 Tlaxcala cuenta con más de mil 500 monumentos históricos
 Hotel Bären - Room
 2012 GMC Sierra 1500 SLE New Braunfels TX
* * *
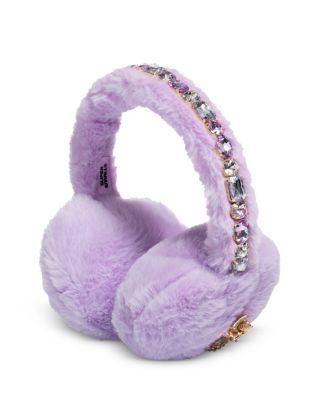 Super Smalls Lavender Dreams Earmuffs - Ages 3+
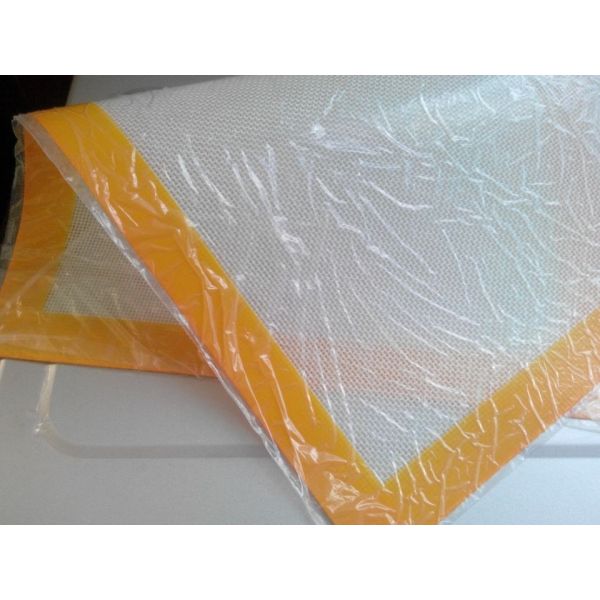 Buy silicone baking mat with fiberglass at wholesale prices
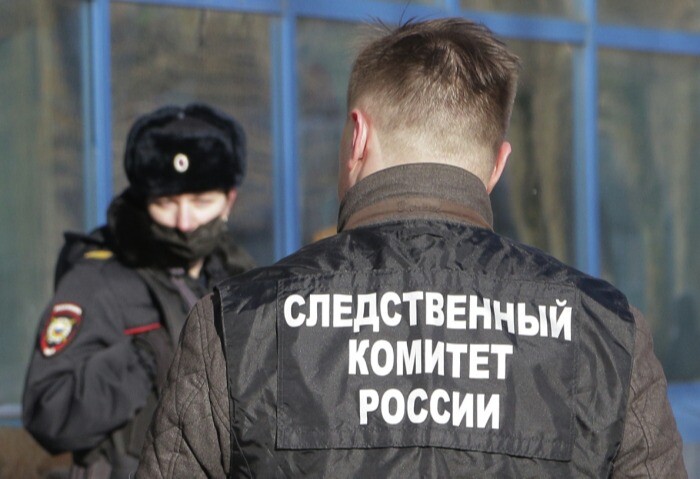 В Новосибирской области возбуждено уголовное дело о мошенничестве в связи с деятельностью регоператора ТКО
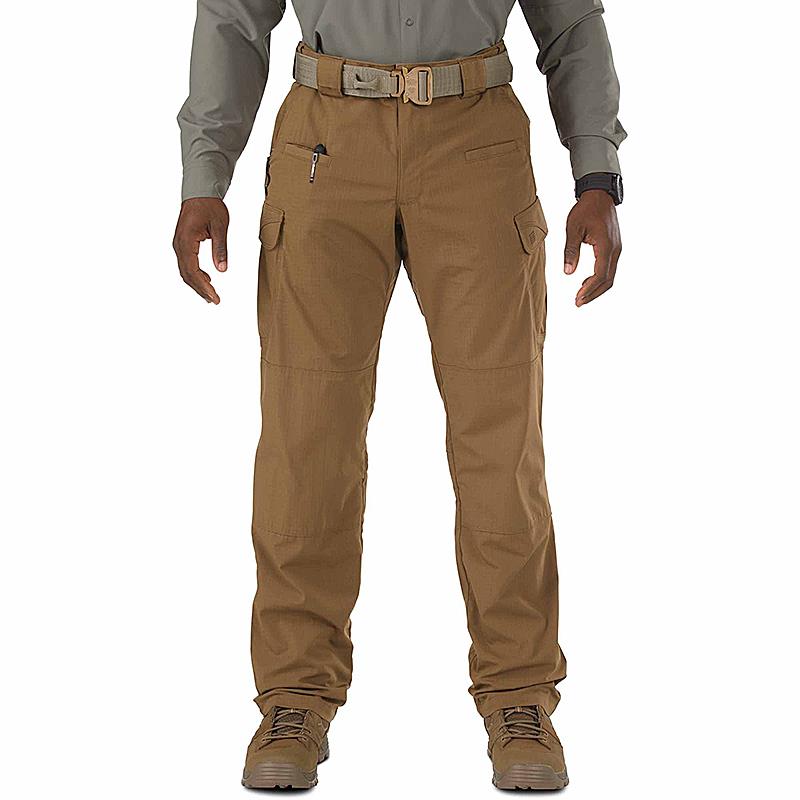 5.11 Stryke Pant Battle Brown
...
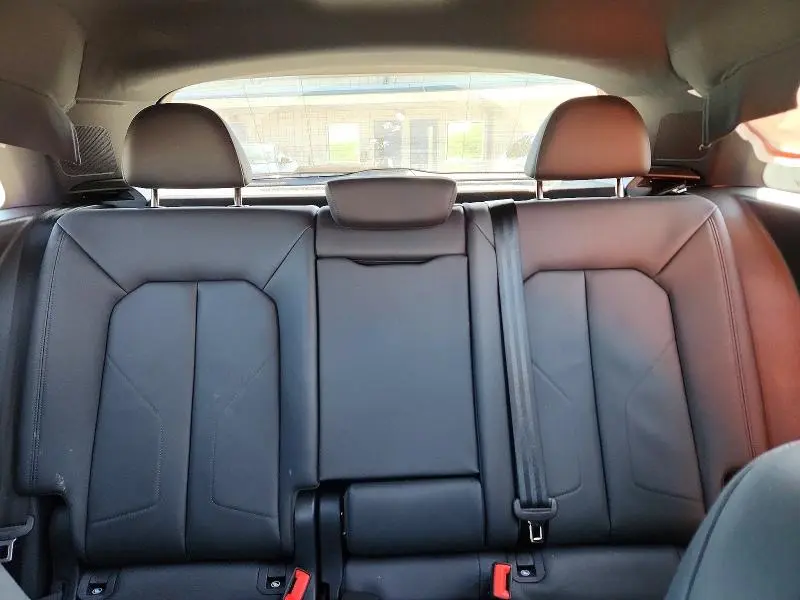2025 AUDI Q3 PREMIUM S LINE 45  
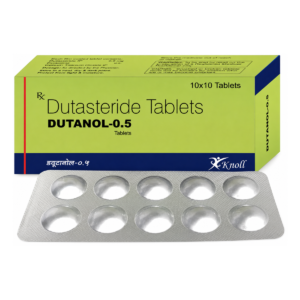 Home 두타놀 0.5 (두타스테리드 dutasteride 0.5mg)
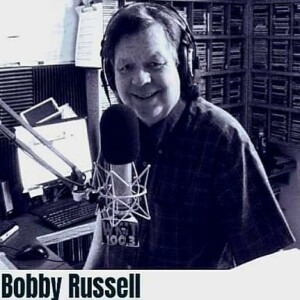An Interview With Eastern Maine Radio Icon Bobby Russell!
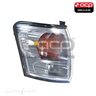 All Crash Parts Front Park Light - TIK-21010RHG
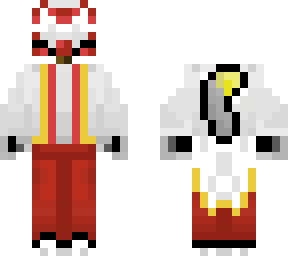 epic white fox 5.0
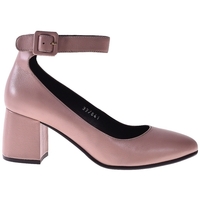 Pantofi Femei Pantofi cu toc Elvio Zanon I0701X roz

• EXERCISE: Between and including the line with "Buy silicone baking" and the line with "5.11 Stryke Pant Battle Brown", repeat every line exactly as it appears above, with pictures left out.

• FINISHED EXERCISE:
 Buy silicone baking mat with fiberglass at wholesale prices
 В Новосибирской области возбуждено уголовное дело о мошенничестве в связи с деятельностью регоператора ТКО
 5.11 Stryke Pant Battle Brown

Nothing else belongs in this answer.